__Supplied material__:
---

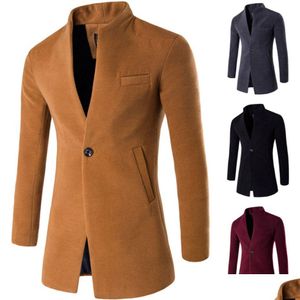 Men'S Wool Blends Zogaa Coat Men Winter Long Slim Cardigan Windbreaker One Button Mandarin Collar Casual Woolen Overcoat Drop Deli Dhu35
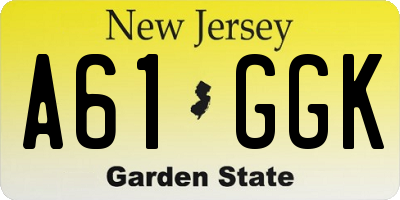 NJ license plate A61GGK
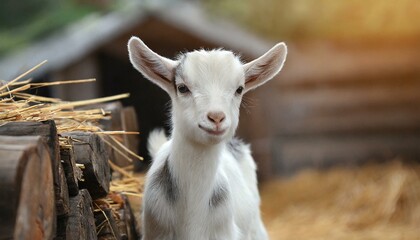 Baby white goat on farm.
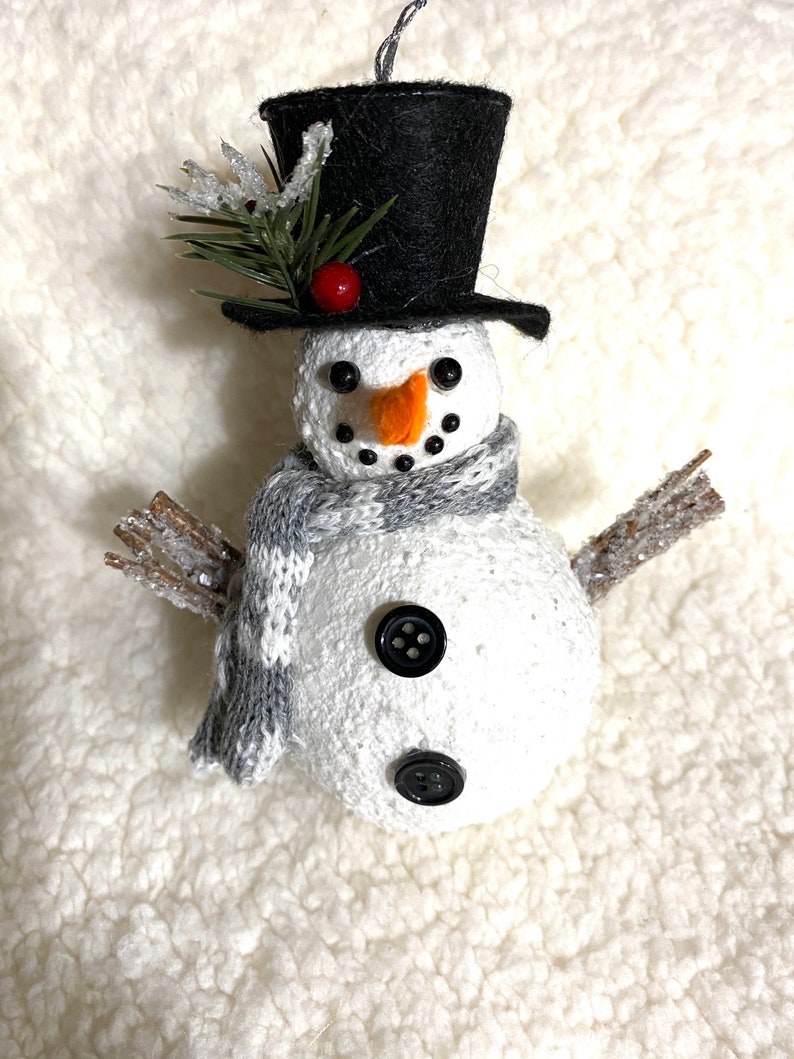 One Snowman Ornament for Decoration Crafting or for a Gift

---

__Exercise requirements__:
A word-for-word copy of the material is required; pictures stay out of it.

__Output of the task__:
 Men'S Wool Blends Zogaa Coat Men Winter Long Slim Cardigan Windbreaker One Button Mandarin Collar Casual Woolen Overcoat Drop Deli Dhu35
 NJ license plate A61GGK
 Baby white goat on farm.
 One Snowman Ornament for Decoration Crafting or for a Gift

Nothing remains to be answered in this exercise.